Algunos dicen que pasa por su mejor momento; otros, que está en plena crisis. En medio de una programación en la que reinan los ‘realities’ y los dramatizados, uno de los más importantes analistas de medios hace un análisis de lo que vemos ―y veremos― los colombianos en pantalla.

Por Mario Morales

(Publica revista Credencial)

(Fotografías: cortesía Canal Caracol y Canal RCN.)

Uno no sabe qué creer. ¿Es cierto que la televisión colombiana vive su momento más fulgurante?: la pauta publicitaria supera los mil millones de pesos desde 2010 y las ventas de las productoras ya rebasaron el millón de dólares el año pasado. O, por el contrario, como se queja el espectador promedio, ¿será más bien que los contenidos están haciendo crisis, como se puede deducir de la pobreza en la programación del prime (la franja estelar, la de la noche)?

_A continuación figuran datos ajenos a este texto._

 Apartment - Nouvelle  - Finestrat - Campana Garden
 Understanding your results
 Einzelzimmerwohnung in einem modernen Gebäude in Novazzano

La caracterización de esa franja es bien conocida: a la fatiga de las telenovelas que tuvieron su cuarto de hora, le sucedió el cansancio de las series encuadradas en la versión de delincuentes famosos (que se han llamado ‘sicarescas’ o ‘narconovelas’), que les cedieron el paso a las series basadas en el quehacer policial o judicial, muy al estilo estadounidense, y al regreso de los realities, esta vez enfocados en presuntas habilidades y talentos.
Parece un melodrama; las audiencias están inconformes pero su medio preferido es la televisión en un 94,4%, según el Estudio General de Medios, tercera ola de 2011. Más confuso aún, el 77,2% de los consumidores de medios la ven todos los días.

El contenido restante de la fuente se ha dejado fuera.